Chiropractic care involves a number of techniques and low-force adjustments that work towards impacting the condition on a structural level by realigning the spine; this involves focusing on the underlying neurological causes along with the structural components of the condition.
Once I see structural results in the form of a curvature reduction, this means the condition’s uneven forces are also being reduced; I can then focus on increasing core strength through various scoliosis-specific-therapies and the use of scoliosis-specific exercises (SSEs) that can strengthen the back’s supportive muscles, address any related muscle imbalance, improve posture, and certain SSEs are also known to stimulate specific areas of the brain to re-train the body’s postural mechanisms to stabilize the corrections.
Particularly when treating adolescent idiopathic scoliosis, corrective bracing may be helpful by slowly lifting and de-rotating the spine into an aligned position. 3D bracing along with chiropractic adjustments and scoliosis-specific exercises and scoliosis-specific therapies that patients can easily perform from home further stabilize the scoliotic spine.
Scoliosis can’t simply correct itself because it’s too complex a condition and because it’s structural and progressive in nature, and this is why the importance of understanding the different treatment options, and the different potential results they offer, can’t be understated.
As a progressive condition, the very nature of scoliosis is to get worse over time, so it’s virtually guaranteed to do so, and this is why leaving scoliosis alone, in the hopes of it correcting itself, can be so dangerous.
Scoliosis affects all ages, and there are multiple different condition types, but adolescent idiopathic scoliosis is the most common form, and being proactive with treatment is particularly important with this type because growth spurts can trigger rapid progression.
When it comes to whether or not scoliosis can be reversed, it’s more accurate to say it can be reduced, which means achieving a reduction in the scoliosis along with restoring as much of the spine’s healthy curves (those seen when the spine is viewed from the side) as possible.
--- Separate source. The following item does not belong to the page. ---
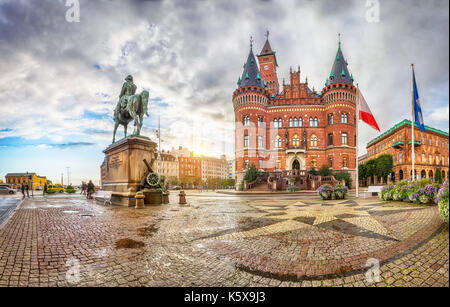 Blick auf das Rathaus von Helsingborg Stortorget im regnerischen Abend in Helsingborg, Schweden Stockfoto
When a scoliotic curve is reduced, this means its underlying structural and neurologic nature has been addressed by treating the whole condition, much more than only the spinal bones themselves.
If I can help a patient increase the strength of the spine’s surrounding muscles through scoliosis-specific exercises, along with a variety of condition-specific therapies, this helps the spine maintain its newly scoliosis-reduced posture.
Scoliosis can’t be fully reversed because as a progressive condition, it’s virtually guaranteed to get worse eventually, and while there are no treatment guarantees, when treated proactively, scoliosis can be improved and treated in such a way that the spine’s strength and function are preserved.